▸ **Work to complete**
Would you transcribe exactly the lines from the one containing "Get trendy with" to the last line of the data below, both ends included, but none of the pictures?

▸ **Provided records**
__________

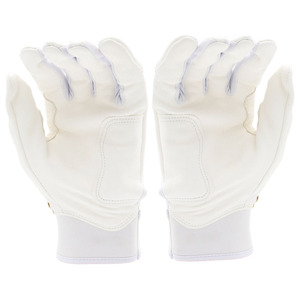 Men Cowhide Leather Baseball Batting Gloves White Leather Breathable Reinforced Grip Adjustable Baseball Gloves - Product Image 5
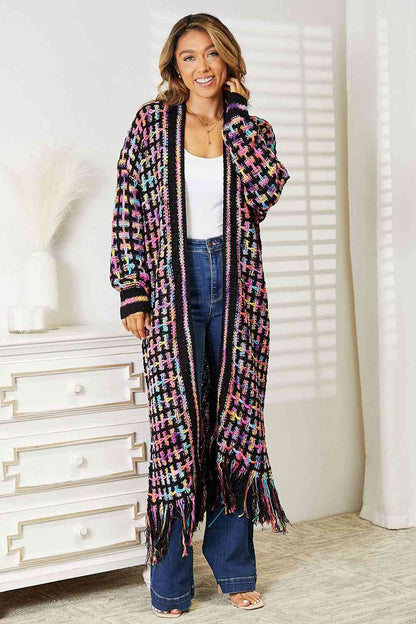 Get trendy with Double Take Full Size Multicolored Open Front Fringe Hem Cardigan - Cardigan available at Styles Code. Grab yours today!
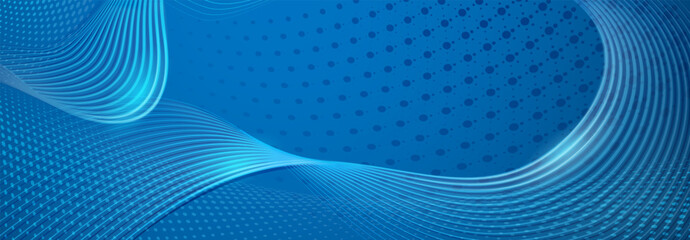 Abstract background made of halftone dots and thin curved lines in blue colors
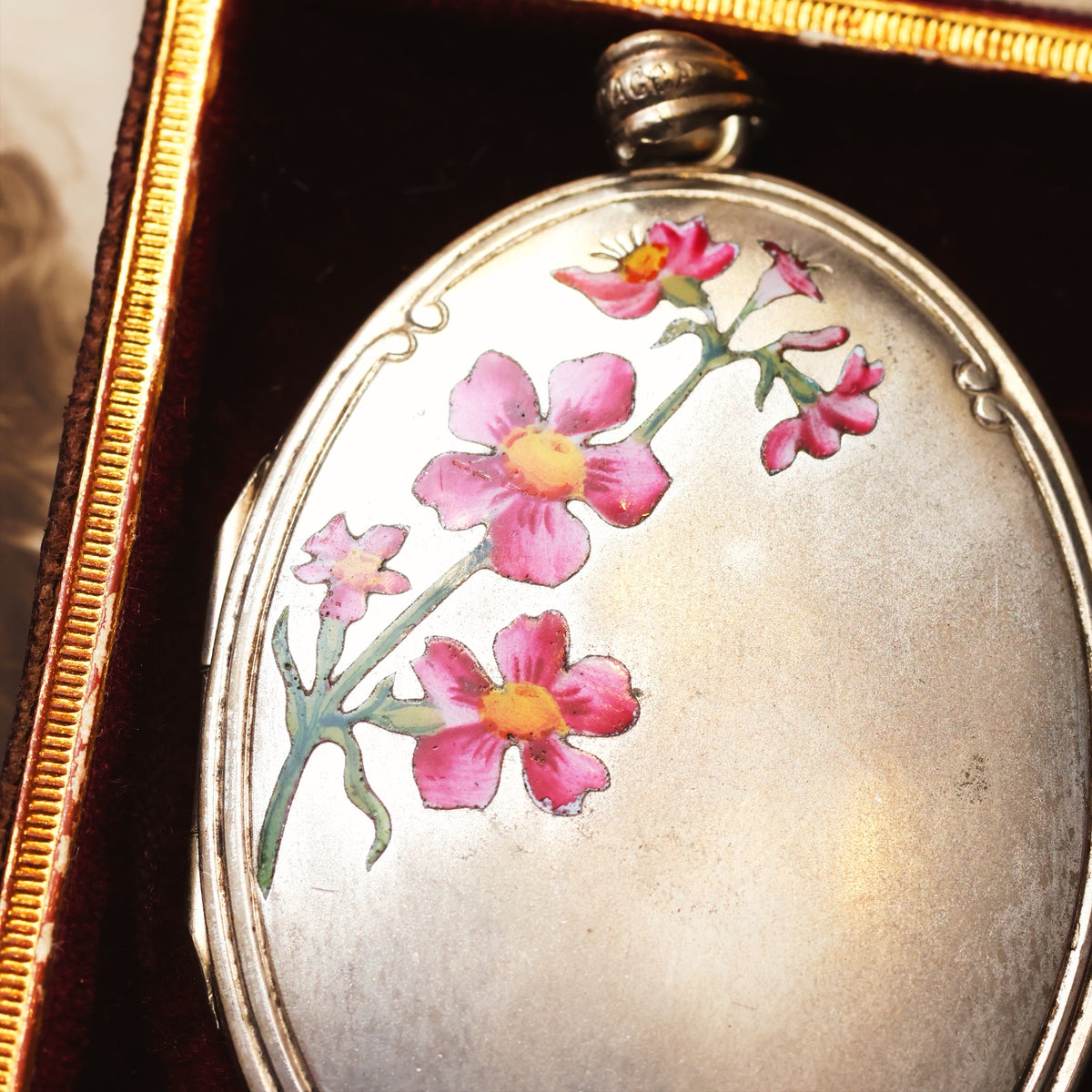 Antique 1920's Wild Rose Enamelled Locket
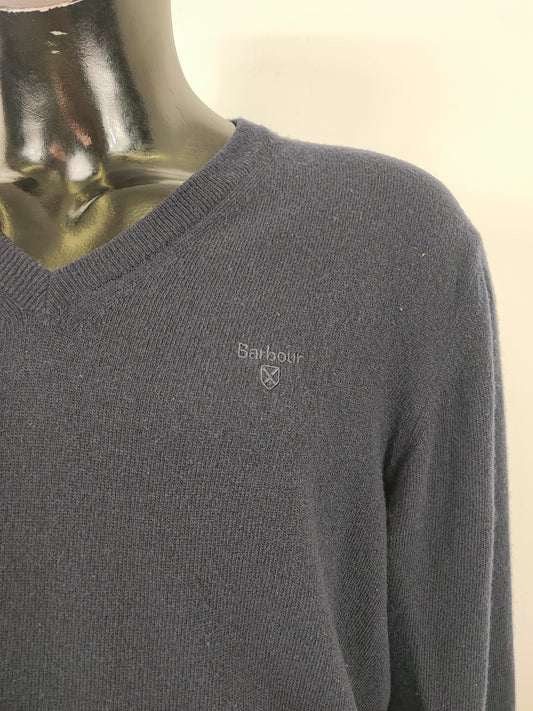 Maglione Barbour Blu large in lana - Lambswool V neck navy size Large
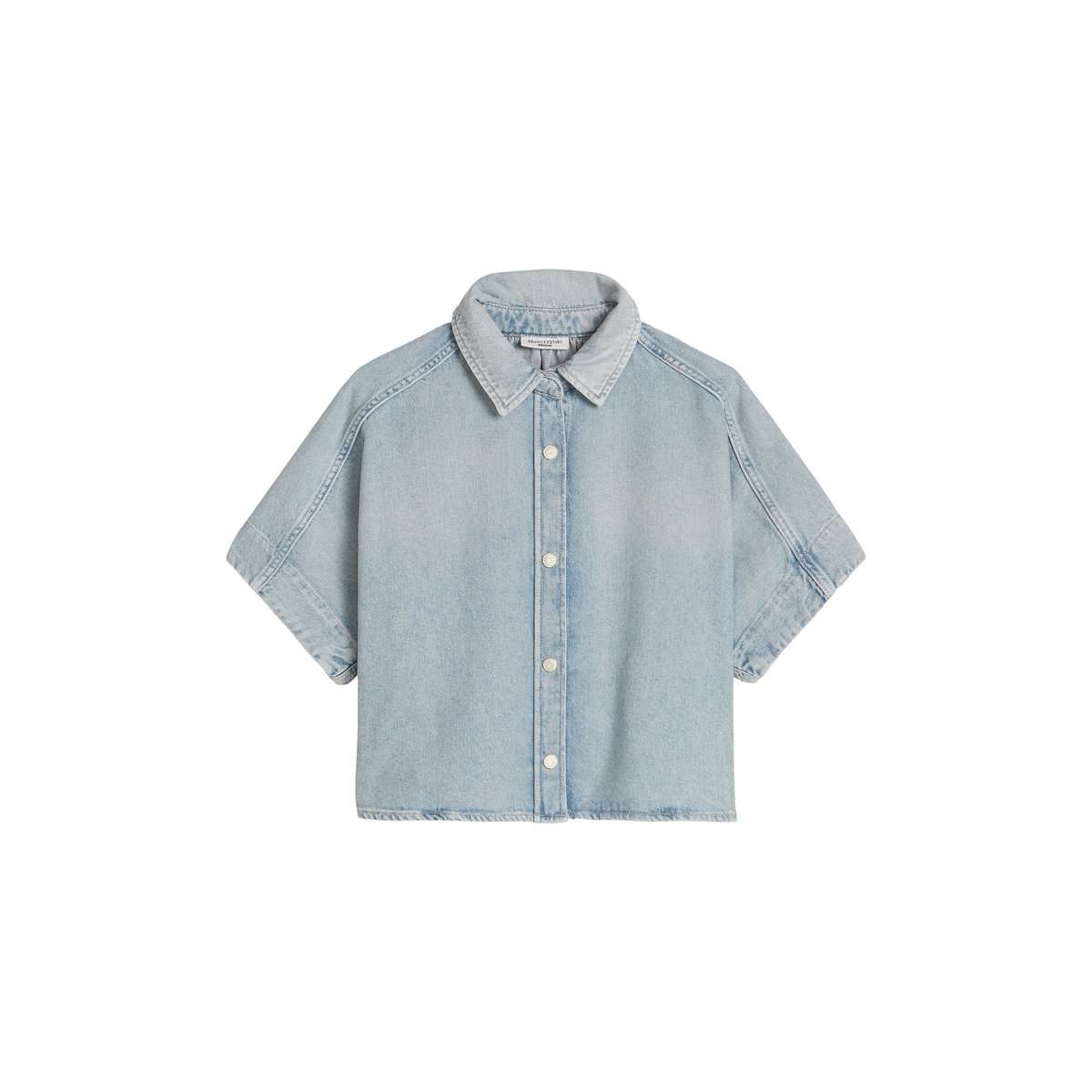 Blouse en jean relaxed en pur coton bleu clair, MARC O’POLO DENIM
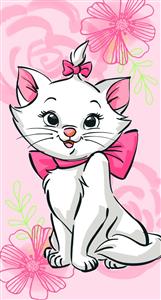 Osuška Marie Cat Pink Flower 70x140 cm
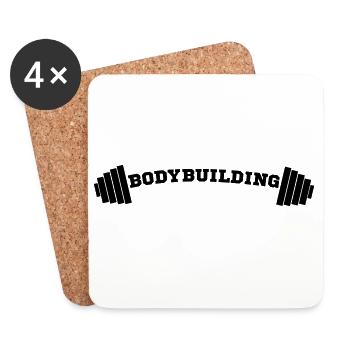 Bodybuilding - Untersetzer (4er-Set) - Weiß - Vorne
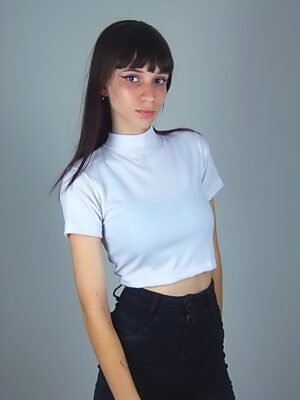 Blusa Cropped Canelado Gola Alta Lisa Sem Estampa (6)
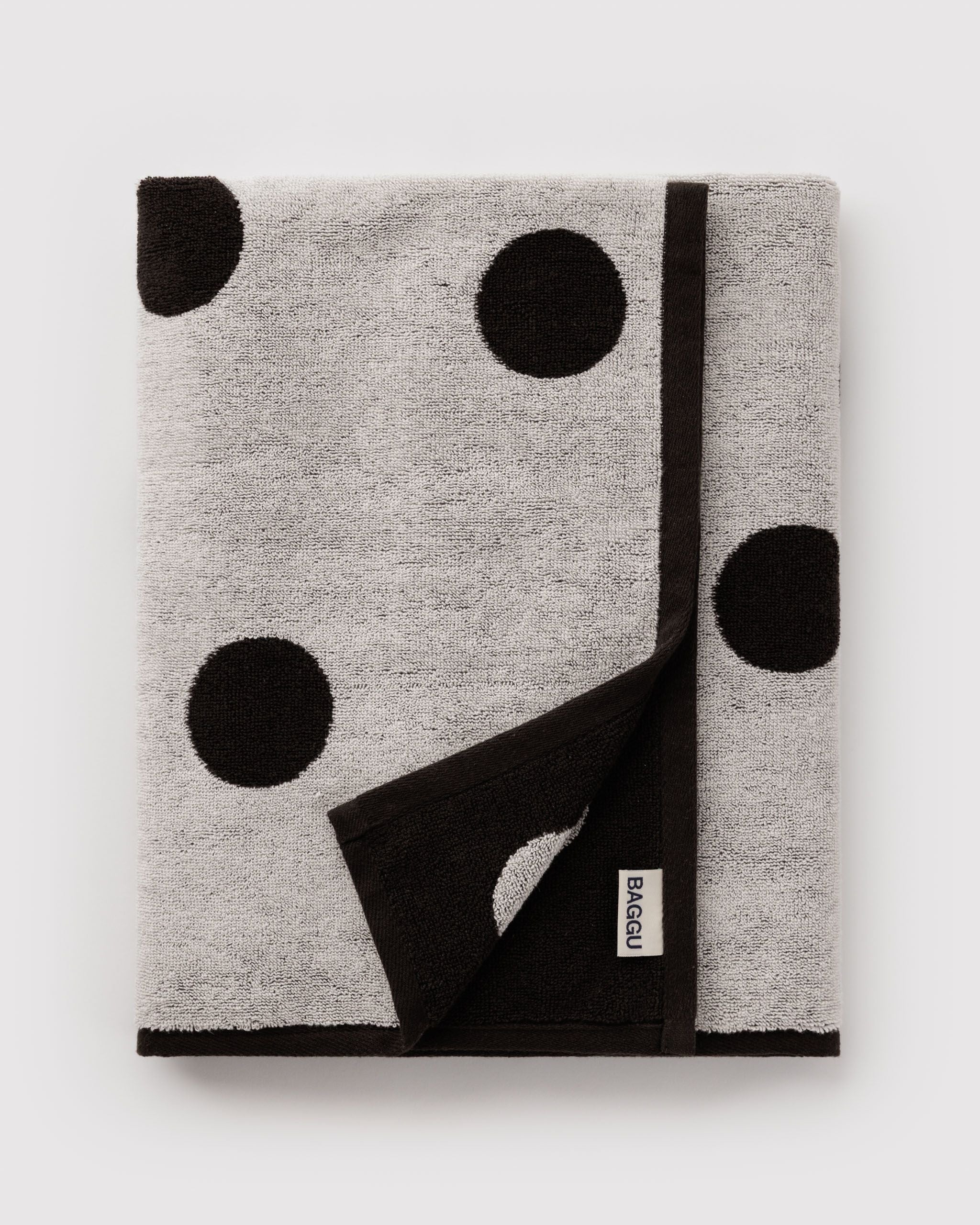Bath Towel in Cream and Black Polka Dot - Soft Everyday Essential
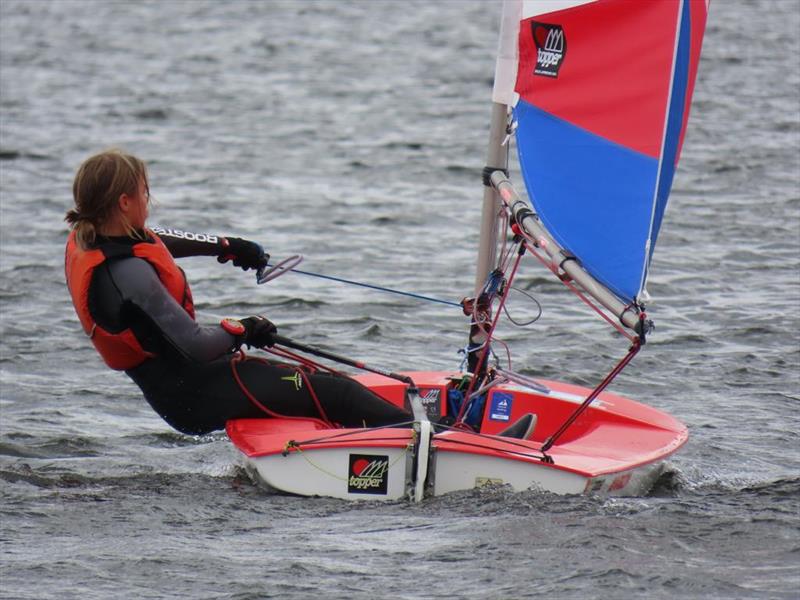 Katherine Gunn on her way to the event win during the Midlands Topper Traveller Round 1 at Bartley photo copyright Megan Hardiman taken at Bartley Sailing Club and featuring the Topper class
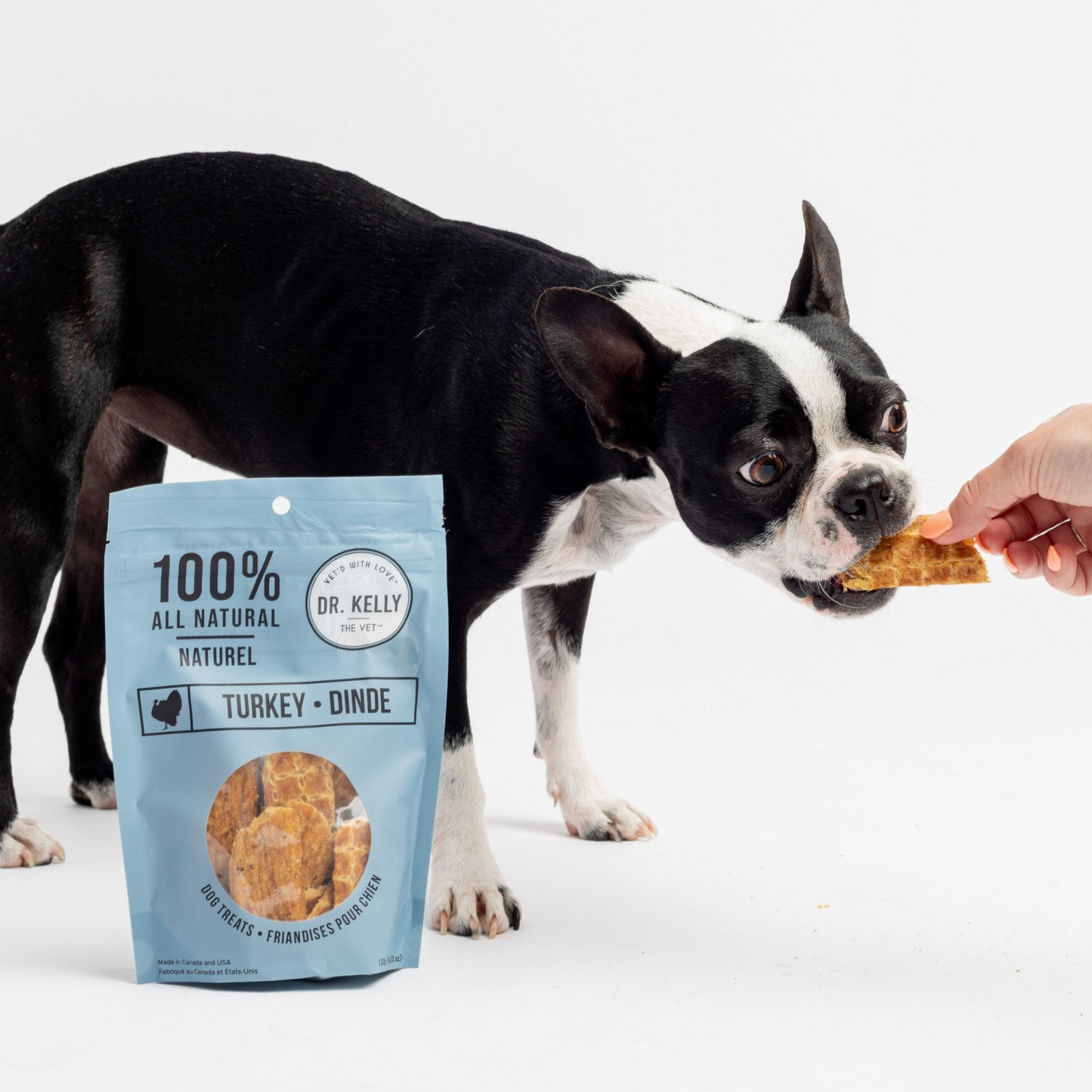 Paquete de 4 golosinas para perros 100% naturales Dr. Kelly The Vet - Pavo 120 g/cada uno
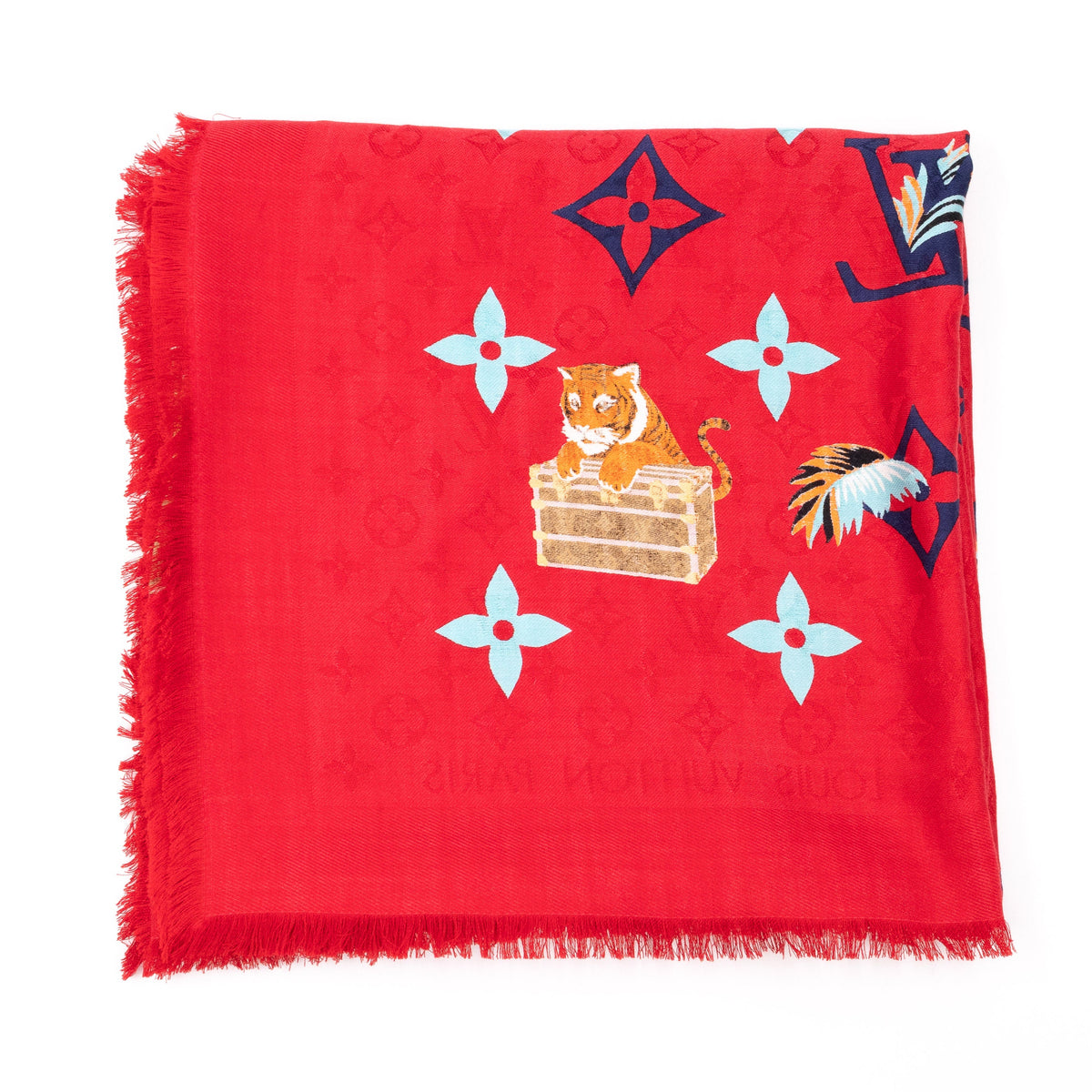 Louis-vuitton Monogram Precious Tiger Shawl Red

__________

▸ **Response area**
 Get trendy with Double Take Full Size Multicolored Open Front Fringe Hem Cardigan - Cardigan available at Styles Code. Grab yours today!
 Abstract background made of halftone dots and thin curved lines in blue colors
 Antique 1920's Wild Rose Enamelled Locket
 Maglione Barbour Blu large in lana - Lambswool V neck navy size Large
 Blouse en jean relaxed en pur coton bleu clair, MARC O’POLO DENIM
 Osuška Marie Cat Pink Flower 70x140 cm
 Bodybuilding - Untersetzer (4er-Set) - Weiß - Vorne
 Blusa Cropped Canelado Gola Alta Lisa Sem Estampa (6)
Bath Towel in Cream and Black Polka Dot - Soft Everyday Essential
 Katherine Gunn on her way to the event win during the Midlands Topper Traveller Round 1 at Bartley photo copyright Megan Hardiman taken at Bartley Sailing Club and featuring the Topper class
 Paquete de 4 golosinas para perros 100% naturales Dr. Kelly The Vet - Pavo 120 g/cada uno
 Louis-vuitton Monogram Precious Tiger Shawl Red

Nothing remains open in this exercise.